What the task requires. Print the listing below again, exactly. Skip the pictures.

Content starts

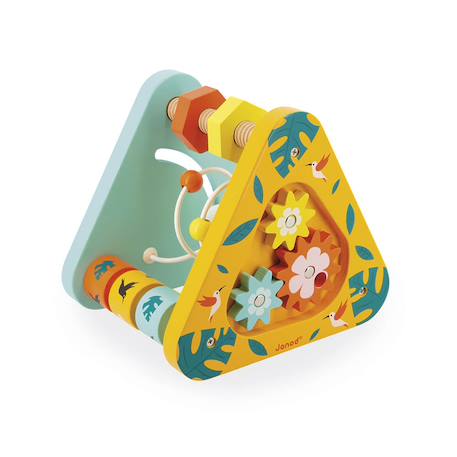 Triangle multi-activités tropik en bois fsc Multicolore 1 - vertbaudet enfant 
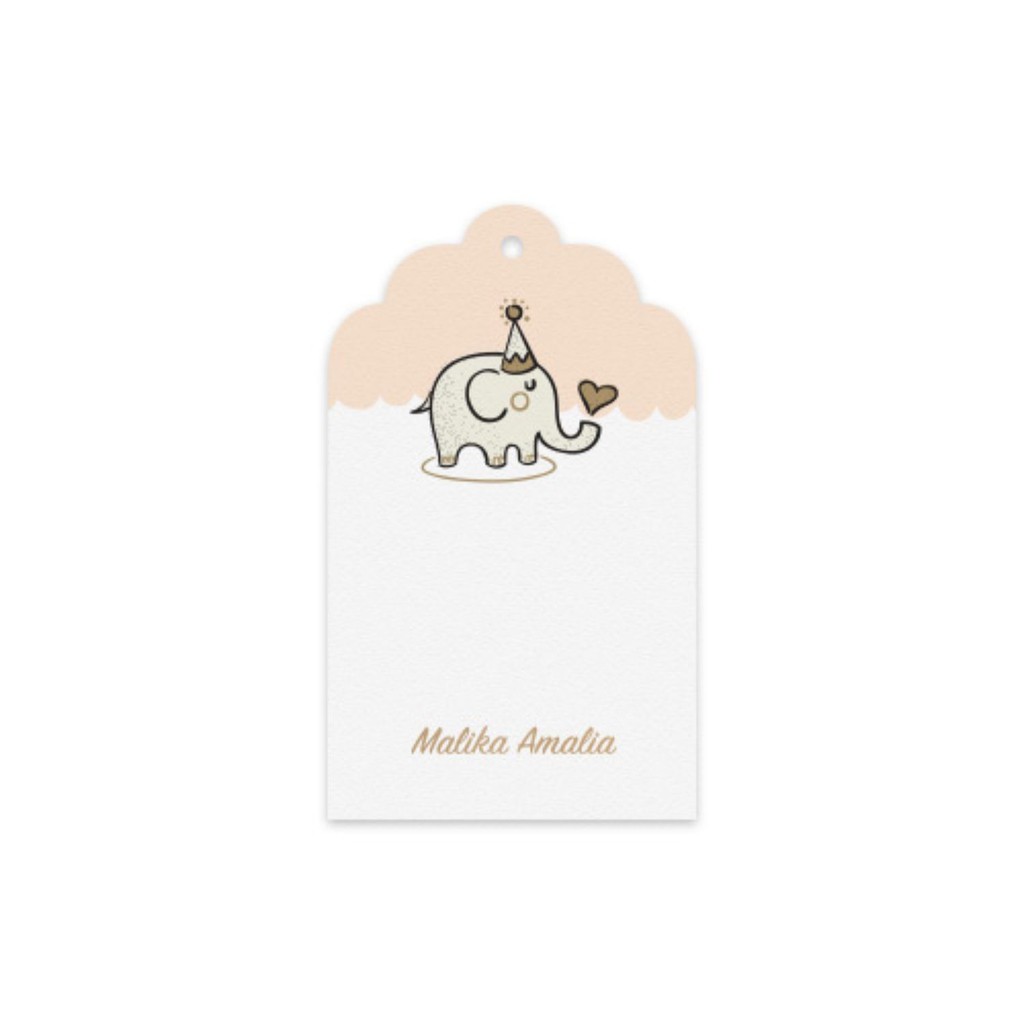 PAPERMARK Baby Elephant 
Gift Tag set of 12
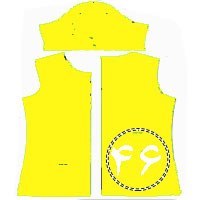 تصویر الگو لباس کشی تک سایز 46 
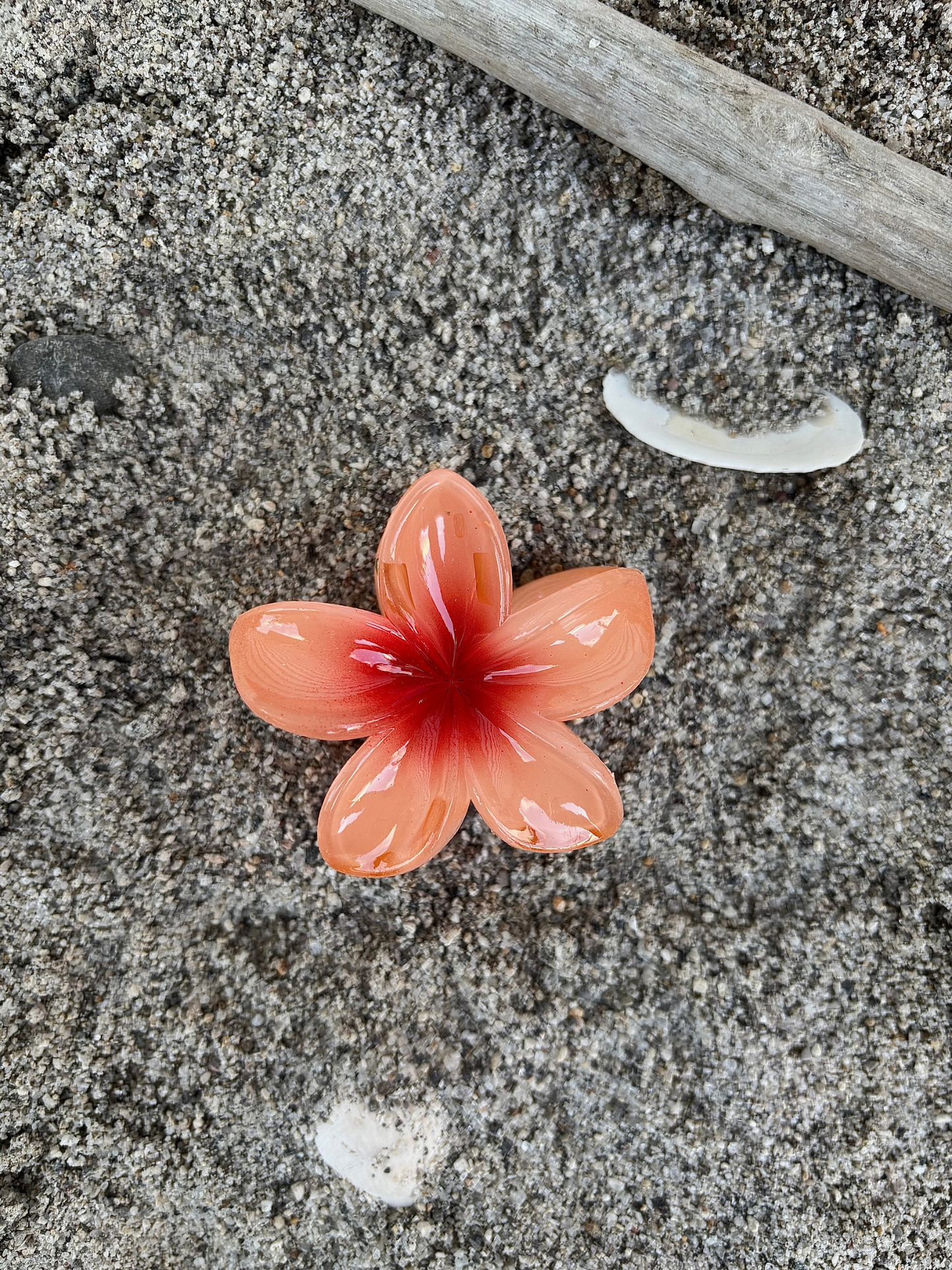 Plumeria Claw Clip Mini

Content ends

Reply.
 Triangle multi-activités tropik en bois fsc Multicolore 1 - vertbaudet enfant 
 PAPERMARK Baby Elephant 
Gift Tag set of 12
 تصویر الگو لباس کشی تک سایز 46 
 Plumeria Claw Clip Mini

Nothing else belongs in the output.